The News called the gas station’s management seeking comment about their sign, but messages were not returned.
Some seasoned economists agree, that even while certain stations enjoy a lack of nearby competition leading to understandably higher prices, the tactic is dubious at best.
“Unfair practice is not what capitalism is,” economist and former University of Buffalo professor Larry Southwick said. “I’ve seen a lot of similar signs saying ‘cash only,’ ” he said. “Because most of us these days buy gas with credit.”
Southwick said from an economist’s standpoint the practice also undermines the conclusions he and his colleagues are able to draw about how much people are really willing to pay, since many are likely acting on what is essentially false information.
“The customer has been cheated. I’ll make that statement as an economist because we rely on the pricing to be accurate. The deception means an asymmetry of information, which is very problematic.”
Others like Southwick’s colleague, UB professor of Marketing Arun Jain, say they don’t recommend the tactic to businesses but recognize it is a common practice, and not illegal.
Legally, the hard-and-true price per gallon only has to be displayed above the pump.
“They’re advertising the lowest possible price,” he said, adding the use of small print is nothing new.
Strahin, however, said he’s got less beef with the NOCO at Mid-City plaza, another of the Mobil’s natural competitors to use the same tactic.

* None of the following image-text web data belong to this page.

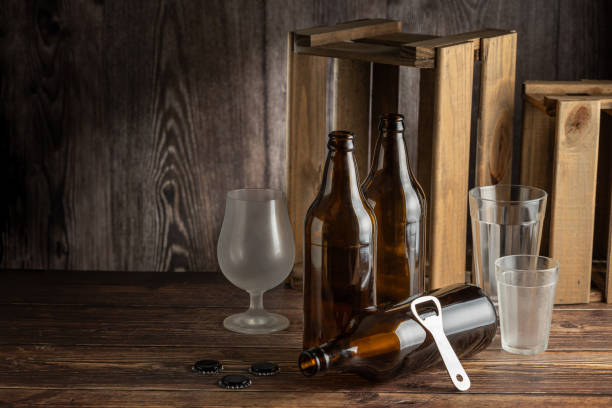 istock Empty amber beer bottles on rustic wooden background. 1503042399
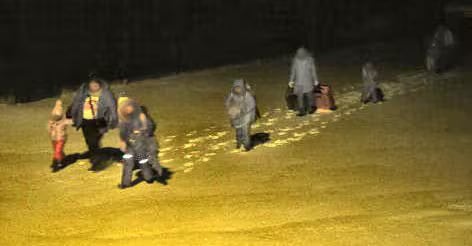 A group of people walking through deep snow.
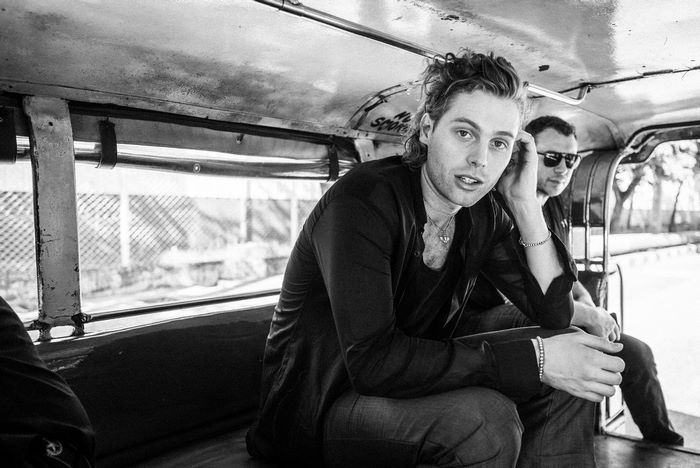 Luke Hemmings in a black and white vehicle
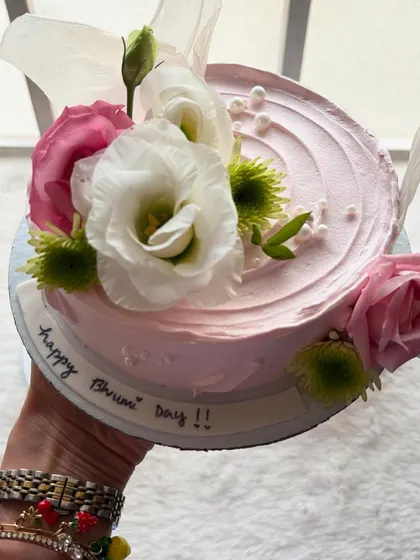 Holding up this beautiful floral cake, decorated with fresh pink and white roses. It's perfect for any celebration that needs a touch of elegance.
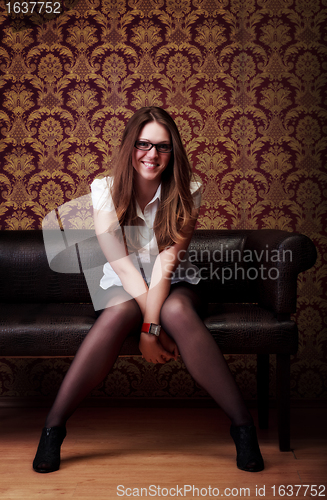 Image of girl sitting on sofa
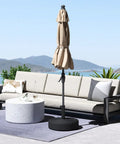 Heavy Duty Water Fillable Round Umbrella Base Weight Workhorse 88 Lb Stand for Patio Outdoor Market Table Umbrella in use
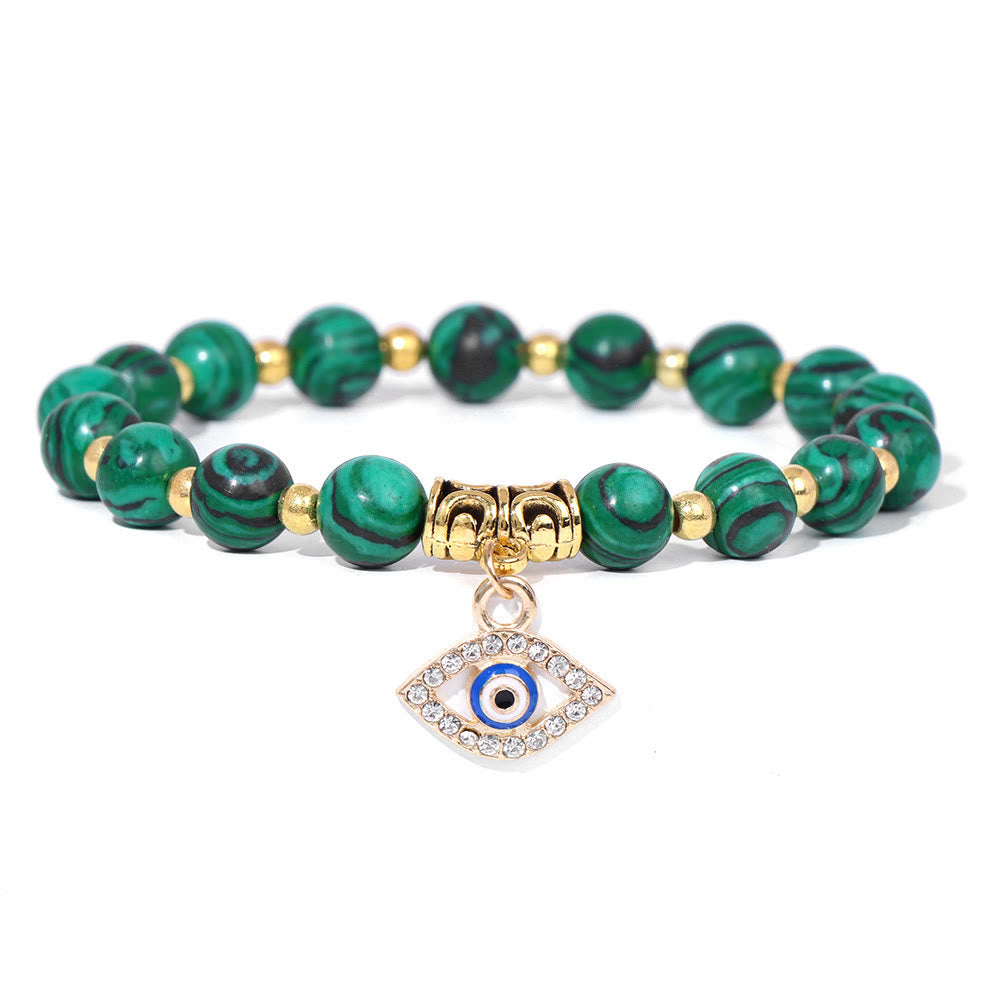 Pulsera con colgante de ojo malvado y cuentas de piedra natural de Olivenorma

That’s because NOCO is currently selling a gallon for $2.93, no strings attached, which is below the region’s average. The $2.88 price drivers get with a $4 car wash is still what catches the eye, but Strahin takes comfort in the fact that the price without the wash could at least be called a savings when compared to the $2.95 advertised at another Mobil on Delaware Avenue near the I-290, or the Gulf on Main Street back in NT, where the sign out front says just what you’ll pay: $2.96.